The principal investigator is Davide Ziviani, Assistant Professor of Mechanical Engineering, and Associate Director of the CHPB. The team also includes James E. Braun, Herrick Professor of Engineering and Director of CHPB; Eckhard A. Groll, William E. and Florence E. Perry Head and Reilly Professor of Mechanical Engineering; and from the University of Illinois Urbana-Champaign, professors Jeffrey S. Moore and Joaquin Rodriguez-Lopez. Moreover, a partnership with Carrier, led by Larry Burns and Hafez Raeisi Fard, will be instrumental in developing and demonstrating an integrated prototype.

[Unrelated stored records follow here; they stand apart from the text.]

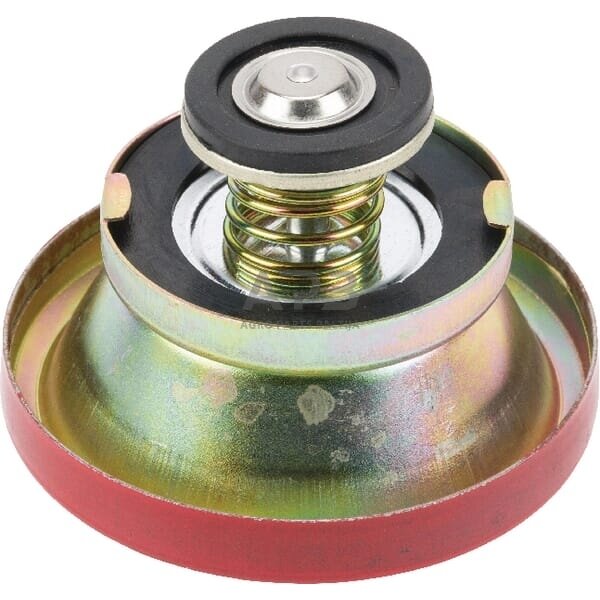 Radiatoriaus dangtelis gopart 1874445M94GP 1 Radiatoriaus dangtelis gopart 1874445M94GP 1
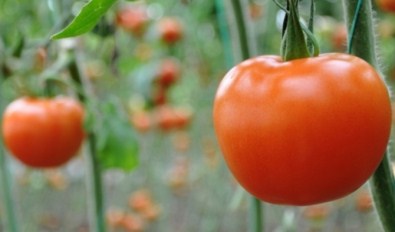 Kasım'da Zam Şampiyonu Domates Oldu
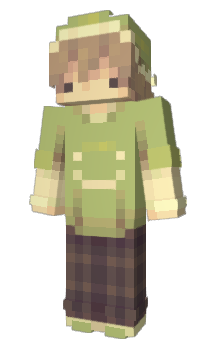 Minecraft skin 8743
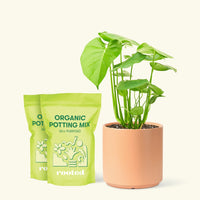 Medium Swiss Cheese Plant (Monstera deliciosa) in a peach cylinder pot and two bag of soil.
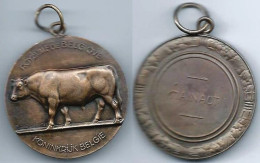 BELGIQUE Médaille (Bronze) Concours Agricole Hainaut Raymond De Meester - Firma's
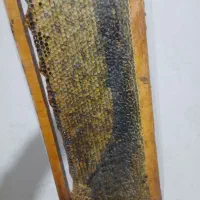 تک عسل طبیعی ارزنق|خوردنی و آشامیدنی|سراب, |دیوار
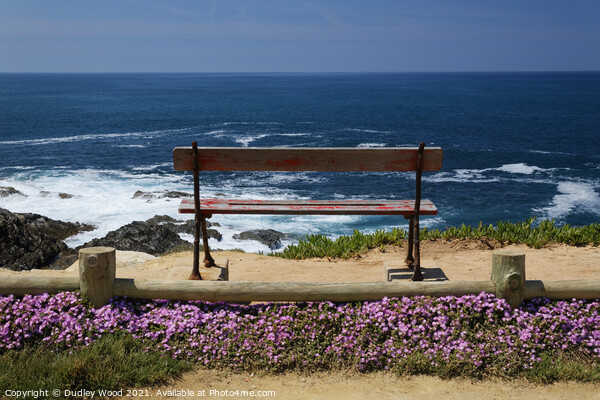 Bench with sea view Picture Board by Dudley Wood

Source: Davide Ziviani, dziviani@purdue.edu

Scalability of Chemical Looping Heat Pump technology
Kim J., James N.A., Groll E.A., Braun J.E., Ziviani D.
http://doi.org/10.18462/iir.rankine.2020.1200

ABSTRACT: Air conditioning, space heating, and refrigeration account for approximately 40% of the electricity usage in the U.S. residential and commercial building sector. To improve energy utilization and reduce energy consumption, novel heat pumping technologies are needed. The concept of a chemical looping heat pump (CLHP) system has been previously investigated by the authors and shown to have the potential for significant performance improvement compared with conventional vapor compression systems. The current work investigates the scalability of a CLHP system by means of a detailed thermodynamic model coupled with a 2D-discretized electrochemical cell model. Parametric studies on the cell size as well as flow rate of the working fluids (e.g. Isopropyl alcohol and Acetone) are performed to identify requirements for meeting target cooling capacities for residential and commercial building applications. Based on the simulation results, trade-offs between system performance and cell sizes are identified. For a 7 kW residential heat pump with a target COPc of 4.0, a minimum of 3000 stacks having a surface of 8,000 cm2 per stack (1,000 cm2 active area per cell) is required.